_Requirement_:
With the pictures left out, restate exactly the part below that opens with the line containing "Used 2014 Chevrolet" and closes with the line containing "Ta , Thần Long Chi Hậu Chapter 83 trang 23".

_Source data_:
::::::::

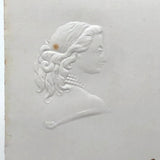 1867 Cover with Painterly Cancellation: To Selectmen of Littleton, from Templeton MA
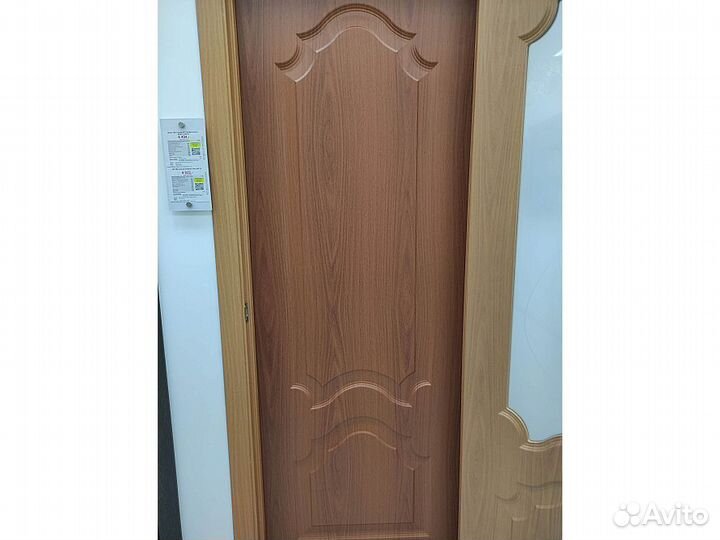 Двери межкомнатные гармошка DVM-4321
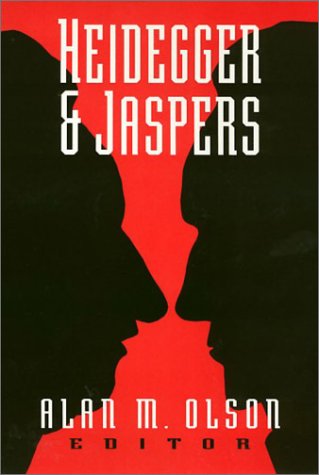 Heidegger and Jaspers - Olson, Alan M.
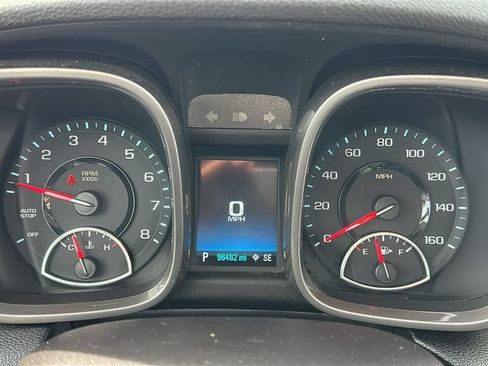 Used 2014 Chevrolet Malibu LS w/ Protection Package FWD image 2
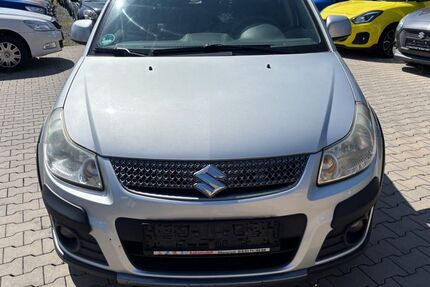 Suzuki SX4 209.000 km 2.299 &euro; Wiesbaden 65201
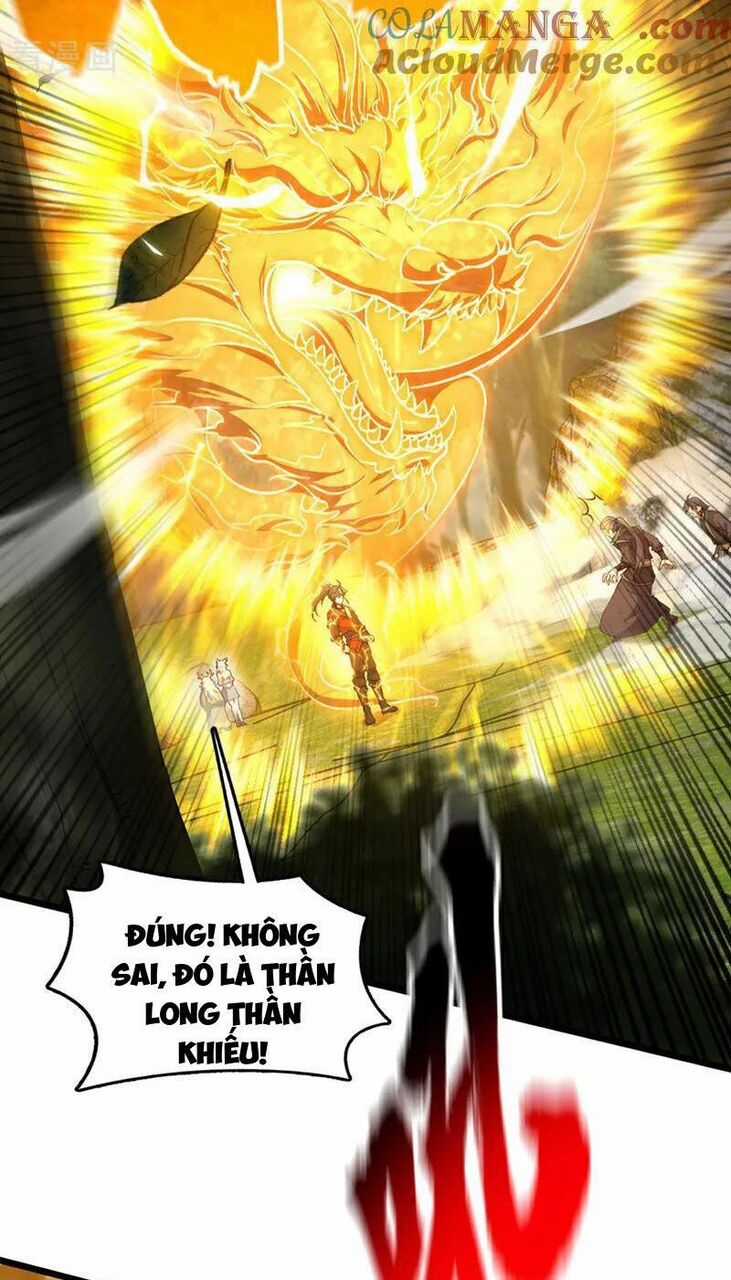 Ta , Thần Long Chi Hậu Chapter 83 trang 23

::::::::

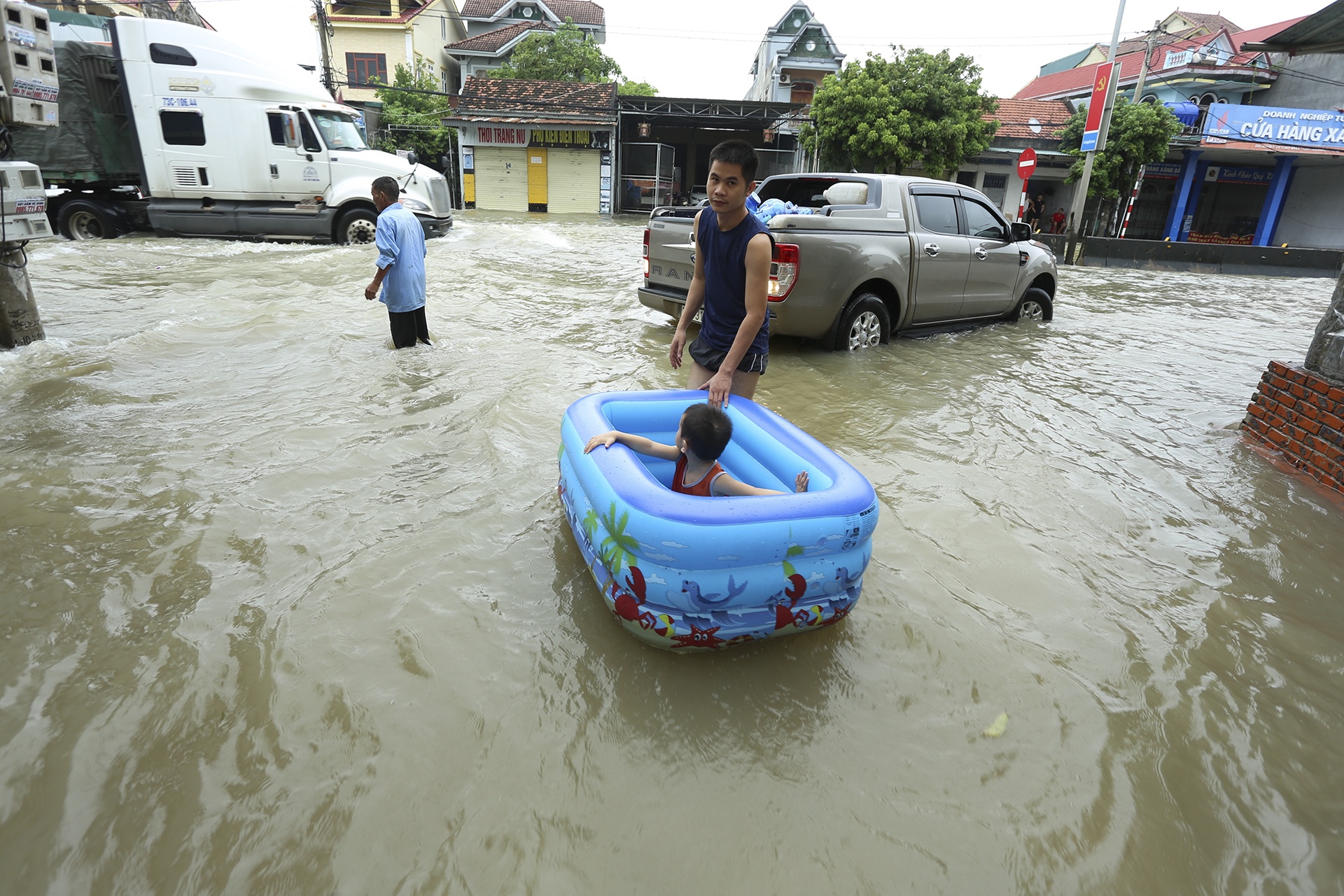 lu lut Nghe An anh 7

::::::::

_Exercise solution_:
 Used 2014 Chevrolet Malibu LS w/ Protection Package FWD image 2
 Suzuki SX4 209.000 km 2.299 &euro; Wiesbaden 65201
 Ta , Thần Long Chi Hậu Chapter 83 trang 23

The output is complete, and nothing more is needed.